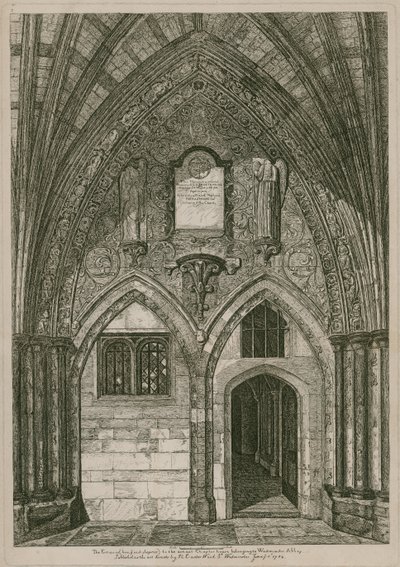 La entrada desde el Claustro este a la antigua Sala Capitular, Abadía de Westminster, Londres de English School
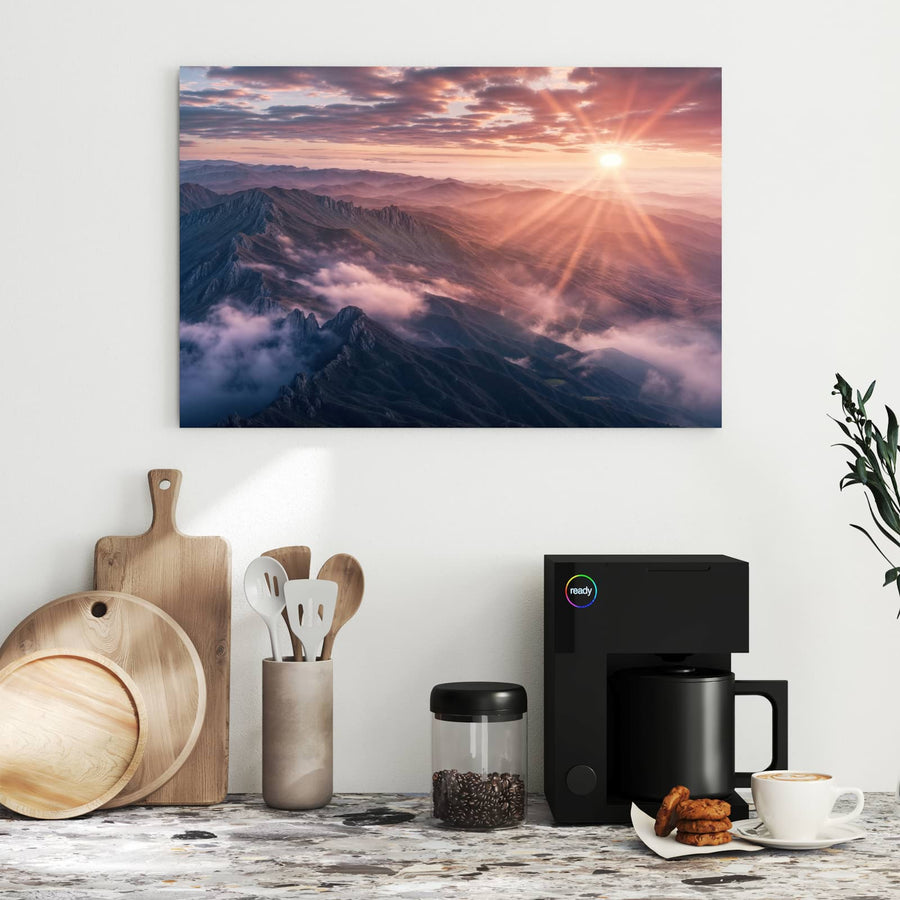 Maße Metall Magnettafel - Bergkämme im Morgenrot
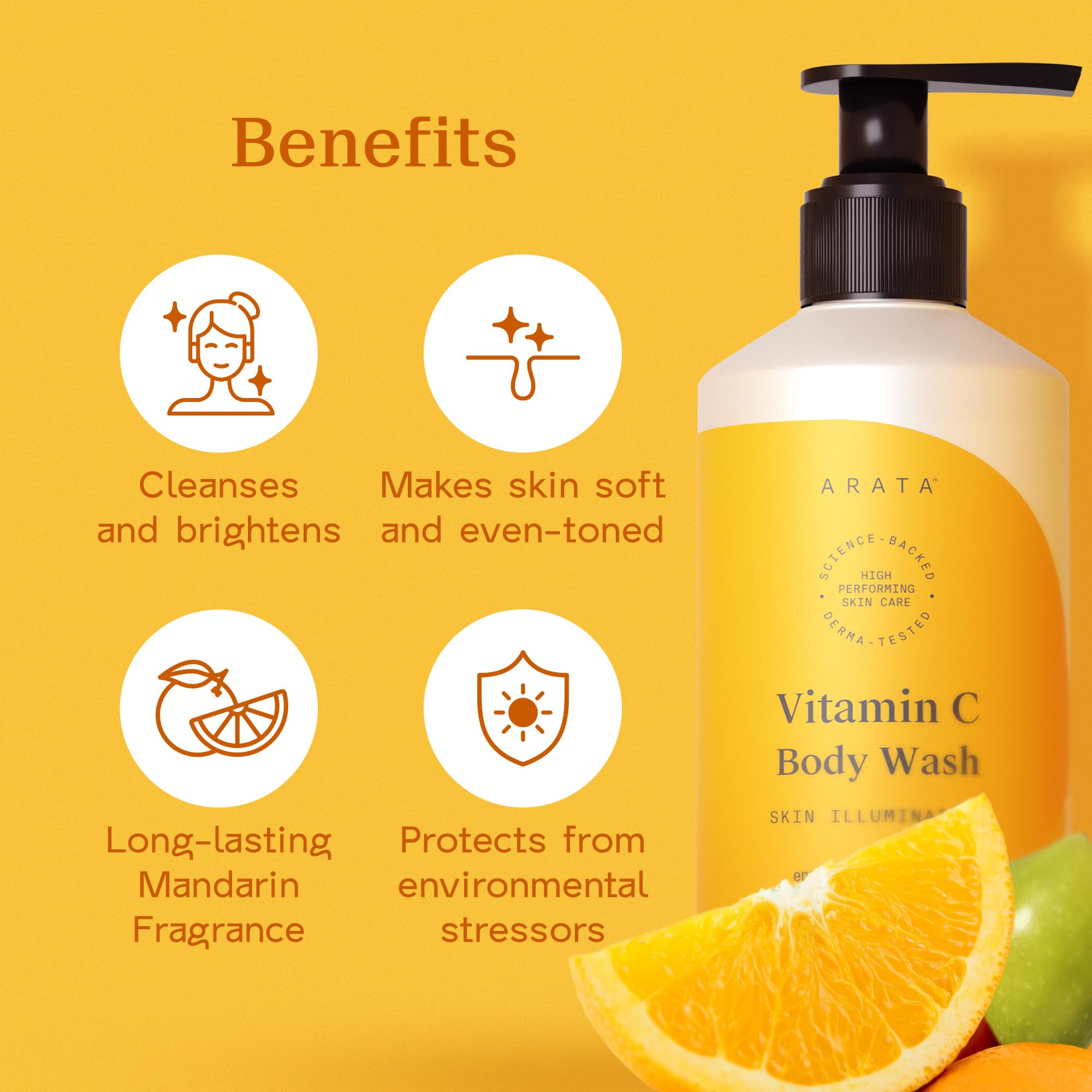 Arata 1% Vitamin C Daily Glow Body Wash For Soft & Even Toned Skin | Helps to Reduce Fades Dark Spots & Pigmentation | Long Lasting Fragrance | No Parabens No Sulfates | 300ML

§ **PROBLEM DESCRIPTION**
Pictures are not part of the copy. Please reproduce the material word for word.

§ **RESPONSE**
 La entrada desde el Claustro este a la antigua Sala Capitular, Abadía de Westminster, Londres de English School
 Maße Metall Magnettafel - Bergkämme im Morgenrot
 Arata 1% Vitamin C Daily Glow Body Wash For Soft & Even Toned Skin | Helps to Reduce Fades Dark Spots & Pigmentation | Long Lasting Fragrance | No Parabens No Sulfates | 300ML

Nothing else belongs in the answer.